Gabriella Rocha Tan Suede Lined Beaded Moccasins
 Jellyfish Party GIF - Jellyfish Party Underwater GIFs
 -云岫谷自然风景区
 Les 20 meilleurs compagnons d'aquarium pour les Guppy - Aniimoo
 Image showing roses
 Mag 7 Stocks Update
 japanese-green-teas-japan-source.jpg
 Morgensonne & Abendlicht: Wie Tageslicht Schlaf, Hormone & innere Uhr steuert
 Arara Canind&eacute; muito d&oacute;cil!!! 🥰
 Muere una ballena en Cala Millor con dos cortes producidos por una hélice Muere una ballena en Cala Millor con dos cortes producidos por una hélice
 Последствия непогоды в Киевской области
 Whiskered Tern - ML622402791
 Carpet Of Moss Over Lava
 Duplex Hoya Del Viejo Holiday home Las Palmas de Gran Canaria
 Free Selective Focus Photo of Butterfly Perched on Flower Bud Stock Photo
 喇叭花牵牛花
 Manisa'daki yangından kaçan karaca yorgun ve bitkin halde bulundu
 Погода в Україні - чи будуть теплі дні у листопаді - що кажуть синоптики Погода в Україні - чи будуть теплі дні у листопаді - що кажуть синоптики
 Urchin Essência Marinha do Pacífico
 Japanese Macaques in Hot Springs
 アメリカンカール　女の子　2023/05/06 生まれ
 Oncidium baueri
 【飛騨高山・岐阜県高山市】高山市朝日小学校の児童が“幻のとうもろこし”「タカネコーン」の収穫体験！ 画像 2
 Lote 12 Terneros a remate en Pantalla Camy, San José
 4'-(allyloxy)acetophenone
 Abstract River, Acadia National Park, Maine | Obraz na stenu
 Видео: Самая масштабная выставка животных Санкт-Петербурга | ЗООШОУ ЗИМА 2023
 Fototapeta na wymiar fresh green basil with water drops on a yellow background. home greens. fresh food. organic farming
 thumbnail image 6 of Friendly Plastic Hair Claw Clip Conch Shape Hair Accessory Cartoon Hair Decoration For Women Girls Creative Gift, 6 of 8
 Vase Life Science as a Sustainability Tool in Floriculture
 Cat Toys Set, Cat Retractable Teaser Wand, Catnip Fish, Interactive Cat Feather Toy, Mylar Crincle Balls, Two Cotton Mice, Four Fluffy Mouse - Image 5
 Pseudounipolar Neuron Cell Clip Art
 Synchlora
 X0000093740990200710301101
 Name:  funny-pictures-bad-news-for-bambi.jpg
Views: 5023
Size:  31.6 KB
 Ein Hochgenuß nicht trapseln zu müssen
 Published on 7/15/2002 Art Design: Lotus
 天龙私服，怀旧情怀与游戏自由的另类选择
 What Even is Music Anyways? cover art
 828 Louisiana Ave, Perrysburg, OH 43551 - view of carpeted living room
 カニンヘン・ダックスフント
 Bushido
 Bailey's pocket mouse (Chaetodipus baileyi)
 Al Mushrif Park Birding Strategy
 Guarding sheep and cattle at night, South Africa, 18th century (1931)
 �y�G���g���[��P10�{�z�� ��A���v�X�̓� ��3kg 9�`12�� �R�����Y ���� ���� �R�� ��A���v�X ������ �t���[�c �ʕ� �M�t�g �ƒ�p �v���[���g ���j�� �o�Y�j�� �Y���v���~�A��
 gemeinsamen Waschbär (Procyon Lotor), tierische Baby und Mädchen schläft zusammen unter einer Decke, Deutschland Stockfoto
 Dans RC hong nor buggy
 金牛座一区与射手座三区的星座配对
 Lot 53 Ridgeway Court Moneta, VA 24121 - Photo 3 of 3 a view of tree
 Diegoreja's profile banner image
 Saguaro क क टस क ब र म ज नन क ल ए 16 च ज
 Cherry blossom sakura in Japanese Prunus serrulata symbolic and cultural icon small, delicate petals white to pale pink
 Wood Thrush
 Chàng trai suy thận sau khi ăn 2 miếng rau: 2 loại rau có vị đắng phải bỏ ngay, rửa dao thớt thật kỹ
----
## What to produce
Reproduce the material exactly, from the first line to the last.

## Solution to this exercise
Gabriella Rocha Tan Suede Lined Beaded Moccasins
 Jellyfish Party GIF - Jellyfish Party Underwater GIFs
 -云岫谷自然风景区
 Les 20 meilleurs compagnons d'aquarium pour les Guppy - Aniimoo
 Image showing roses
 Mag 7 Stocks Update
 japanese-green-teas-japan-source.jpg
 Morgensonne & Abendlicht: Wie Tageslicht Schlaf, Hormone & innere Uhr steuert
 Arara Canind&eacute; muito d&oacute;cil!!! 🥰
 Muere una ballena en Cala Millor con dos cortes producidos por una hélice Muere una ballena en Cala Millor con dos cortes producidos por una hélice
 Последствия непогоды в Киевской области
 Whiskered Tern - ML622402791
 Carpet Of Moss Over Lava
 Duplex Hoya Del Viejo Holiday home Las Palmas de Gran Canaria
 Free Selective Focus Photo of Butterfly Perched on Flower Bud Stock Photo
 喇叭花牵牛花
 Manisa'daki yangından kaçan karaca yorgun ve bitkin halde bulundu
 Погода в Україні - чи будуть теплі дні у листопаді - що кажуть синоптики Погода в Україні - чи будуть теплі дні у листопаді - що кажуть синоптики
 Urchin Essência Marinha do Pacífico
 Japanese Macaques in Hot Springs
 アメリカンカール　女の子　2023/05/06 生まれ
 Oncidium baueri
 【飛騨高山・岐阜県高山市】高山市朝日小学校の児童が“幻のとうもろこし”「タカネコーン」の収穫体験！ 画像 2
 Lote 12 Terneros a remate en Pantalla Camy, San José
 4'-(allyloxy)acetophenone
 Abstract River, Acadia National Park, Maine | Obraz na stenu
 Видео: Самая масштабная выставка животных Санкт-Петербурга | ЗООШОУ ЗИМА 2023
 Fototapeta na wymiar fresh green basil with water drops on a yellow background. home greens. fresh food. organic farming
 thumbnail image 6 of Friendly Plastic Hair Claw Clip Conch Shape Hair Accessory Cartoon Hair Decoration For Women Girls Creative Gift, 6 of 8
 Vase Life Science as a Sustainability Tool in Floriculture
 Cat Toys Set, Cat Retractable Teaser Wand, Catnip Fish, Interactive Cat Feather Toy, Mylar Crincle Balls, Two Cotton Mice, Four Fluffy Mouse - Image 5
 Pseudounipolar Neuron Cell Clip Art
 Synchlora
 X0000093740990200710301101
 Name:  funny-pictures-bad-news-for-bambi.jpg
Views: 5023
Size:  31.6 KB
 Ein Hochgenuß nicht trapseln zu müssen
 Published on 7/15/2002 Art Design: Lotus
 天龙私服，怀旧情怀与游戏自由的另类选择
 What Even is Music Anyways? cover art
 828 Louisiana Ave, Perrysburg, OH 43551 - view of carpeted living room
 カニンヘン・ダックスフント
 Bushido
 Bailey's pocket mouse (Chaetodipus baileyi)
 Al Mushrif Park Birding Strategy
 Guarding sheep and cattle at night, South Africa, 18th century (1931)
 �y�G���g���[��P10�{�z�� ��A���v�X�̓� ��3kg 9�`12�� �R�����Y ���� ���� �R�� ��A���v�X ������ �t���[�c �ʕ� �M�t�g �ƒ�p �v���[���g ���j�� �o�Y�j�� �Y���v���~�A��
 gemeinsamen Waschbär (Procyon Lotor), tierische Baby und Mädchen schläft zusammen unter einer Decke, Deutschland Stockfoto
 Dans RC hong nor buggy
 金牛座一区与射手座三区的星座配对
 Lot 53 Ridgeway Court Moneta, VA 24121 - Photo 3 of 3 a view of tree
 Diegoreja's profile banner image
 Saguaro क क टस क ब र म ज नन क ल ए 16 च ज
 Cherry blossom sakura in Japanese Prunus serrulata symbolic and cultural icon small, delicate petals white to pale pink
 Wood Thrush
 Chàng trai suy thận sau khi ăn 2 miếng rau: 2 loại rau có vị đắng phải bỏ ngay, rửa dao thớt thật kỹ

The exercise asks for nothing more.